YamlizingError: Point x and y values must be positive
start: in "<unicode string>", line 1, column 1:
{ x: -0.0000001, y: 1.0}
^ (line: 1)
end: in "<unicode string>", line 1, column 25:
{ x: -0.0000001, y: 1.0}
^ (line: 1)
You can also use Yamlizable.from_yaml
for handling subclassing.
>>> from yamlize import Object, Sequence
>>>
>>> class Shape(Object):
...
... shape = Attribute(type=str)
...
... @classmethod
... def from_yaml(cls, loader, node, round_trip_data):
... # the node is a map, let's find the "shape" key
... for key_node, val_node in node.value:
... key = loader.construct_object(key_node)
... if key == 'shape':
... subclass_name = loader.construct_object(val_node)
... break
... else:
... raise YamlizingError('Missing "shape" key', node)
...
... subclass = {
... 'Circle' : Circle,
... 'Square' : Square,
... 'Rectangle' : Rectangle
... }[subclass_name]
...
... # from_yaml.__func__ is the unbound class method
... return Object.from_yaml.__func__(subclass, loader, node, round_trip_data)
>>>
>>> class Circle(Shape):
...
... radius = Attribute(type=float)
>>>
>>> class Square(Shape):
...
... side = Attribute(type=float)
>>>
>>> class Rectangle(Shape):
...
... length = Attribute(type=float)
... width = Attribute(type=float)
>>>
>>> class Shapes(Sequence):
...
... item_type = Shape
>>>
>>> shapes = Shapes.load(u'''
... - {shape: Circle, radius: 1.0}
... - {shape: Square, side: 2.0}
... - {shape: Rectangle, length: 3.0, width: 4.0}
... ''')
>>>
>>> print(Shapes.dump(shapes))
- {shape: Circle, radius: 1.0}
- {shape: Square, side: 2.0}
- {shape: Rectangle, length: 3.0, width: 4.0}
<BLANKLINE>
Under most conditions yamlize
needs attributes and items to be subclasses of
yamlize.Yamlizable
. This can cause problems when you have some data that otherwise just doesn't
need to be subclassed. yamlize
allows you to specify specific conversion methods to and from
YAML in these instances.
>>> from yamlize import Object
>>> import aenum
>>>
>>> class Sex(aenum.Enum):
... FEMALE = aenum.auto()
... MALE = aenum.auto()
>>>
>>> TypedSex = Typed(Sex,
... from_yaml=lambda loader, node, rtd: Sex[loader.construct_object(node)],
... to_yaml=lambda dumper, data, rtd: dumper.represent_data(str(data).replace('Sex.', '')))
>>>
With the above, you can now use TypedSex
to ensure proper typing of the enumeration.
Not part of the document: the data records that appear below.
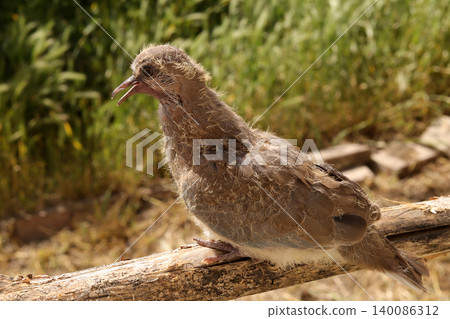 close up portrait of a white pigeon close up portrait of a white pigeon 140086312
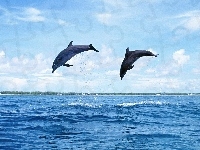 Delfiny, Dwa, Morze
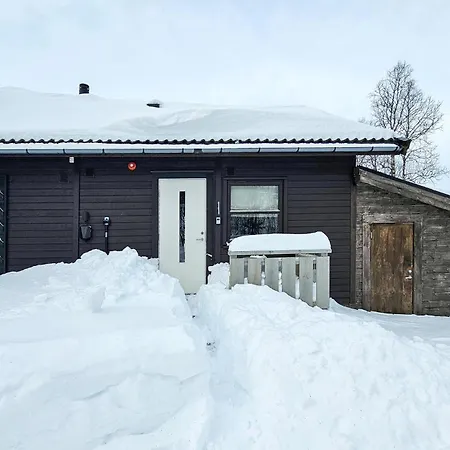 3 Bedroom Awesome In Appartement Rjukan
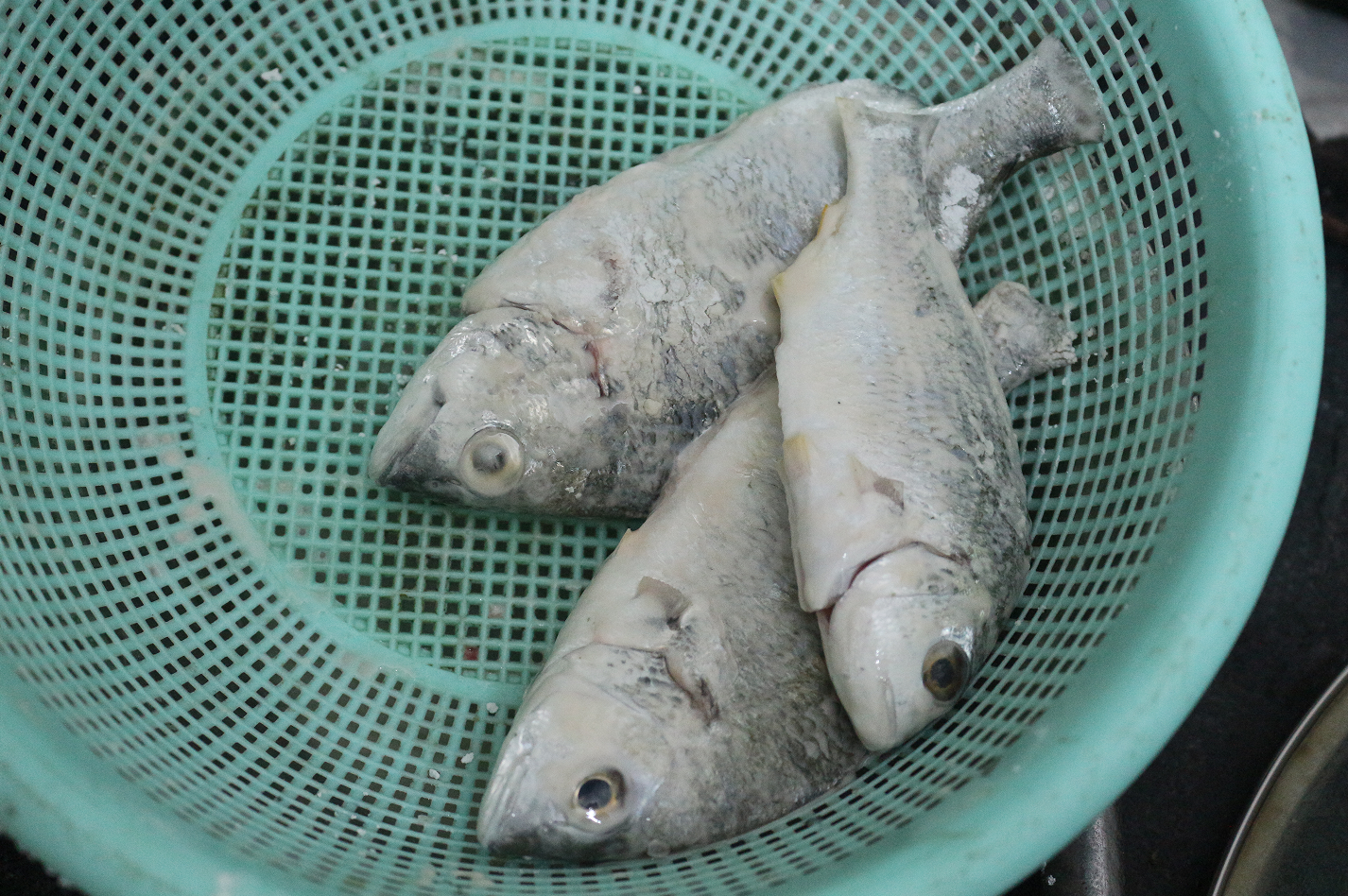 认真做鱼系列73黄鳍鲷白鲷别人钓的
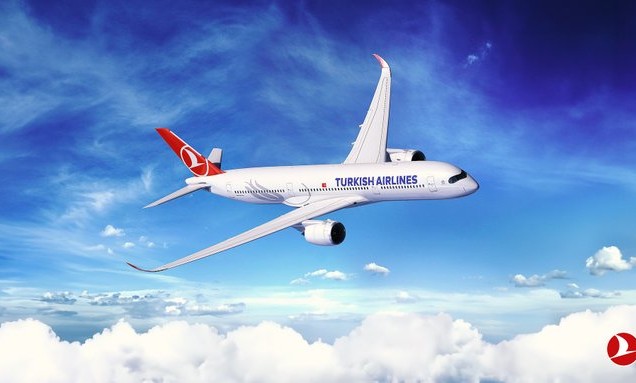 turkish airlines.jfif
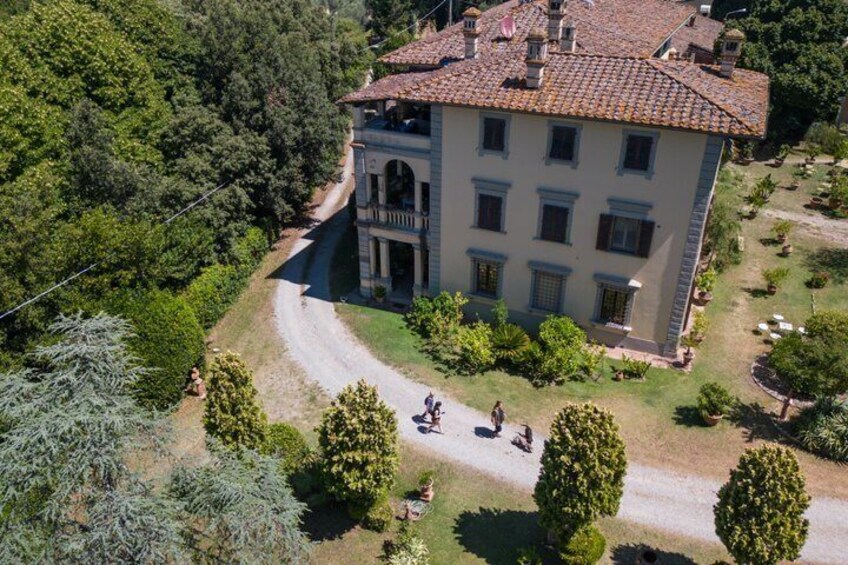 Truffle Hunt & Tasting – Tuscany's Truffle Capital 1
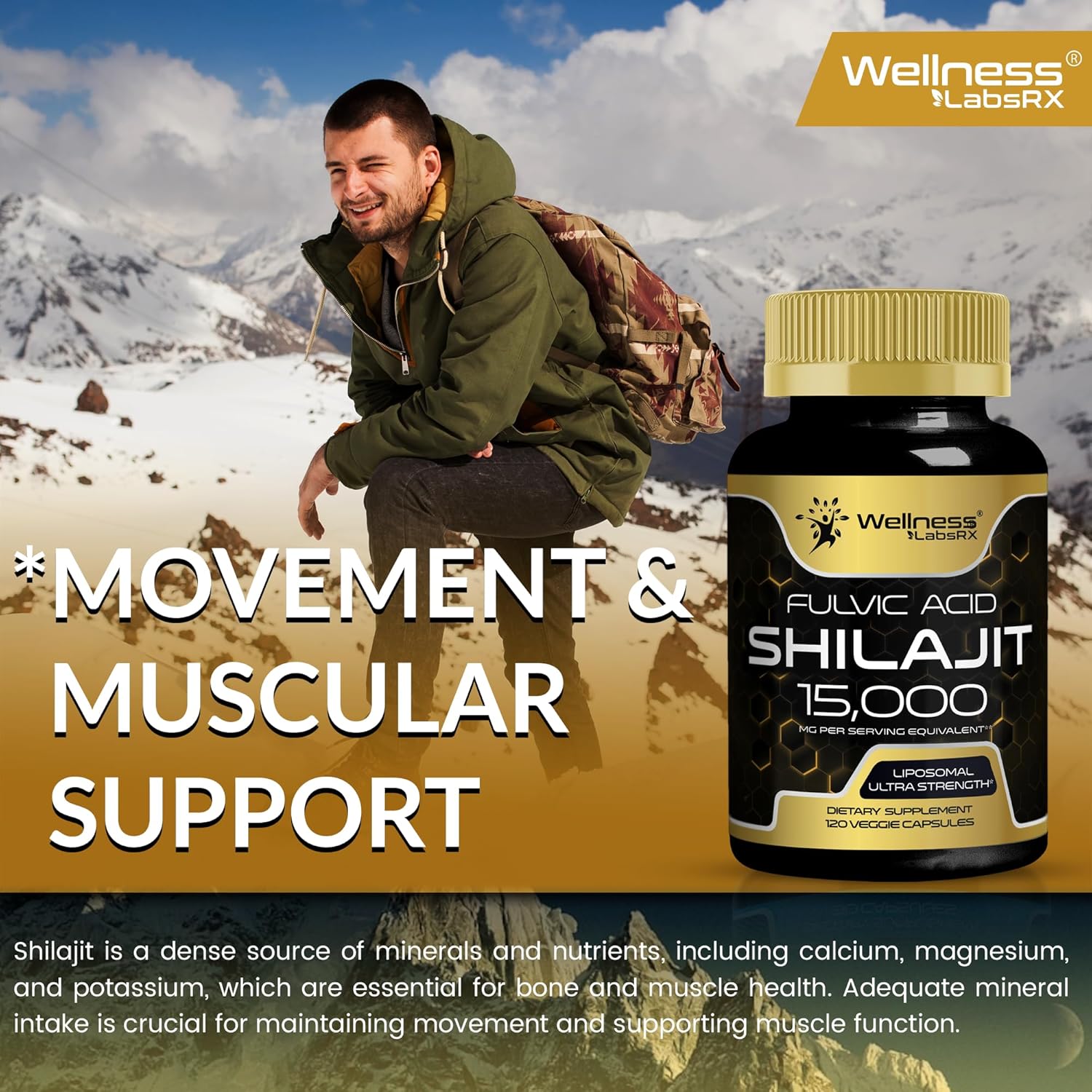120 Count Himalayan Shilajit Capsules for Men and Women - 1500mg Pure Shilajit Supplement with Fulvic Acid for Energy and Immune Support by WELLNESS LABSRX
For
example:
>>> class Person(Object):
... name = Attribute(type=str) # as an FYI, under the hood 'str' becomes Typed(str)
... sex = Attribute(type=TypedSex)
>>>
>>> me = Person.load('{name: me, sex: MALE}')
>>> me.name
'me'
>>> str(me.sex)
'Sex.MALE'
PyYAML serialization requires (without custom implicit tag resolvers) that your YAML indicate the
Python object being represented. It may also not be possible to have a specific map represent
specific types, and I don't think the root of a document can represent a single object. It may not
be possible for multiple implicit resolvers to distinguish between a variety of Python objects.
Also, using yamlize
the YAML definition and class definition are one and the same; whereas with
custom resolvers for different object types you would need to also clarify the YAML tree of where a
certain type of object may exist. For example:
>>> class A(object):
... def __init__(self, attr):
... self.attr = attr
>>> a = A('attribute value')
>>> import yaml
>>> print(yaml.dump(a))
!!python/object:__main__.A
attr: attribute value
<BLANKLINE>
Unlike JSON and XML, one of the beauties of YAML is that it is mostly human readable and writable.
Using PyYAML out of the box requires that you either muddle the YAML with Python types, or define
custom resolvers/representers in addition to the types you already need. The other deficiency of
PyYAML out of the box is that it does not support round trip data (spacing, block v. flow style,
comments) retention, but ruamel.yaml
does! ruamel.yaml
similarly requires that specific
resolvers/representers be created.
yamlize
makes the assumption that whatever you are loading / dumping is representative of the
type of the object expected. With this assumption, yamlize
can create complex Python objects
without requiring specialized YAML customizations.